Input records:
^^^^^^^^^^^^^^^^

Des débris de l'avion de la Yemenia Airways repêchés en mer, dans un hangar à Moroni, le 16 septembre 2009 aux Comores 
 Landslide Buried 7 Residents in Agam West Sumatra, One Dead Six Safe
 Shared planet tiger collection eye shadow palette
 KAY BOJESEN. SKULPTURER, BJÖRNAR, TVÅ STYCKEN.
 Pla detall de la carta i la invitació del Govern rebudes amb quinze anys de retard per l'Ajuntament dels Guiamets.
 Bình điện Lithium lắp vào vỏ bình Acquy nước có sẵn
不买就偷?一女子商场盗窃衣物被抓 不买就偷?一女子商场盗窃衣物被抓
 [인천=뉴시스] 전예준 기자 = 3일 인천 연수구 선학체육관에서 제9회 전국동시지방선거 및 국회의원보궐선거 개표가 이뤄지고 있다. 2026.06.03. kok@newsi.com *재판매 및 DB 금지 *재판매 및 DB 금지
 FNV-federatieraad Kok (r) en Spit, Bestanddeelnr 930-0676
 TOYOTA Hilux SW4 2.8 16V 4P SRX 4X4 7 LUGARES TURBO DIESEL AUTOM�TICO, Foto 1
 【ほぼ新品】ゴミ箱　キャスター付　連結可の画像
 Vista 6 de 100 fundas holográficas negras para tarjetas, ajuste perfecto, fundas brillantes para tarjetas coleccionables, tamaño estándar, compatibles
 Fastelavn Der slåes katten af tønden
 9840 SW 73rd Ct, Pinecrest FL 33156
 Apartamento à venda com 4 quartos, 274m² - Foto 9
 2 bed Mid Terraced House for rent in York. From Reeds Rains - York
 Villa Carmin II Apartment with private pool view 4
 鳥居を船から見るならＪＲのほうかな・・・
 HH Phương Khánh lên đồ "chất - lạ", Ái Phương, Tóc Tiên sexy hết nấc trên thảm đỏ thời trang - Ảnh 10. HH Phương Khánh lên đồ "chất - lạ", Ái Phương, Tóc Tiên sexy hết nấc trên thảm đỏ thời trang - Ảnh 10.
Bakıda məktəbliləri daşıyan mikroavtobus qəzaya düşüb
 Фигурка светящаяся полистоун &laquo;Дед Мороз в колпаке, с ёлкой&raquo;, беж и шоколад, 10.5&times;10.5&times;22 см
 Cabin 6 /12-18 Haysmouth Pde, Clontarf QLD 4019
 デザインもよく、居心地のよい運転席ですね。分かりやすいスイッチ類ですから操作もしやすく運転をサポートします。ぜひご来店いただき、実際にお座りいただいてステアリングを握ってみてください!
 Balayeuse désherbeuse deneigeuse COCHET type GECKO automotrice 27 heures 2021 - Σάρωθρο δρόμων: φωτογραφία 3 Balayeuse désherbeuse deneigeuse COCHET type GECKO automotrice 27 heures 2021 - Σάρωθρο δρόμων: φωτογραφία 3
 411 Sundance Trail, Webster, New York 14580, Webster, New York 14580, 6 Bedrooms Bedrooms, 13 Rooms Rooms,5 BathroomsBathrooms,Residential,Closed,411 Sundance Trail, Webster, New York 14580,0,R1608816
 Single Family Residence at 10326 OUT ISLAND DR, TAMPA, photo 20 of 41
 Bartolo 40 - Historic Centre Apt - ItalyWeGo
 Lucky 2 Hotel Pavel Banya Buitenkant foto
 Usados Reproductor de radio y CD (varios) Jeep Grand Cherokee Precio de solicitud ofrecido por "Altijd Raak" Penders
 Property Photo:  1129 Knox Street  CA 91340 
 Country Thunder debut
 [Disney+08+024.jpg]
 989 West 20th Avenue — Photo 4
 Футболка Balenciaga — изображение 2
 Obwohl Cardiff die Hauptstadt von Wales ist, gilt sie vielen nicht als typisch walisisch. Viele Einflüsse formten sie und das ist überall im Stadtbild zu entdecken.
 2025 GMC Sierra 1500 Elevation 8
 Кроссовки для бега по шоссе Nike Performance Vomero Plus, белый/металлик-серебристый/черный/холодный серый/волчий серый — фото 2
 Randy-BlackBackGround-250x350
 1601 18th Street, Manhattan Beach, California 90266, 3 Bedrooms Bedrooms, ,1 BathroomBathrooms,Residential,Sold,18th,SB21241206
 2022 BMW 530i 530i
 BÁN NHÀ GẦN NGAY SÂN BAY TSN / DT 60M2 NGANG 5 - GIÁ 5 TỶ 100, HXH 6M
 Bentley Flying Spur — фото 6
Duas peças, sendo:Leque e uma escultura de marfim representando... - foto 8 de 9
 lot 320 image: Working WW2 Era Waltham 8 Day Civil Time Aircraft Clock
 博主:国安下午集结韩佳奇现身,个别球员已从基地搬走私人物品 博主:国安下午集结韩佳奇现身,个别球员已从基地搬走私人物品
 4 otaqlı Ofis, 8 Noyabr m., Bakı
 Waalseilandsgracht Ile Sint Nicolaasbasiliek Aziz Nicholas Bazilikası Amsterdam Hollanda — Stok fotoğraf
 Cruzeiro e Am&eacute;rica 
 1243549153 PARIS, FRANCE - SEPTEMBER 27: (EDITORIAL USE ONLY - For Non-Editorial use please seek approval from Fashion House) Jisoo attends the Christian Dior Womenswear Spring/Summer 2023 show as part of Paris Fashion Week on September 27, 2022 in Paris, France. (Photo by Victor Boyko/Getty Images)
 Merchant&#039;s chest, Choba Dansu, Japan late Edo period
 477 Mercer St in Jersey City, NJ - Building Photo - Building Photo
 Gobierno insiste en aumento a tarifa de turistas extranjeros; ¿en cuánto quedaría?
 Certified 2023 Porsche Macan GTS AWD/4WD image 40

^^^^^^^^^^^^^^^^

Write out exactly those lines running from the line with "博主:国安下午集结韩佳奇现身,个别球员已从基地搬走私人物品 博主:国安下午集结韩佳奇现身,个别球员已从基地搬走私人物品" to the end of the data above, the first and last included.

 博主:国安下午集结韩佳奇现身,个别球员已从基地搬走私人物品 博主:国安下午集结韩佳奇现身,个别球员已从基地搬走私人物品
 4 otaqlı Ofis, 8 Noyabr m., Bakı
 Waalseilandsgracht Ile Sint Nicolaasbasiliek Aziz Nicholas Bazilikası Amsterdam Hollanda — Stok fotoğraf
 Cruzeiro e Am&eacute;rica 
 1243549153 PARIS, FRANCE - SEPTEMBER 27: (EDITORIAL USE ONLY - For Non-Editorial use please seek approval from Fashion House) Jisoo attends the Christian Dior Womenswear Spring/Summer 2023 show as part of Paris Fashion Week on September 27, 2022 in Paris, France. (Photo by Victor Boyko/Getty Images)
 Merchant&#039;s chest, Choba Dansu, Japan late Edo period
 477 Mercer St in Jersey City, NJ - Building Photo - Building Photo
 Gobierno insiste en aumento a tarifa de turistas extranjeros; ¿en cuánto quedaría?
 Certified 2023 Porsche Macan GTS AWD/4WD image 40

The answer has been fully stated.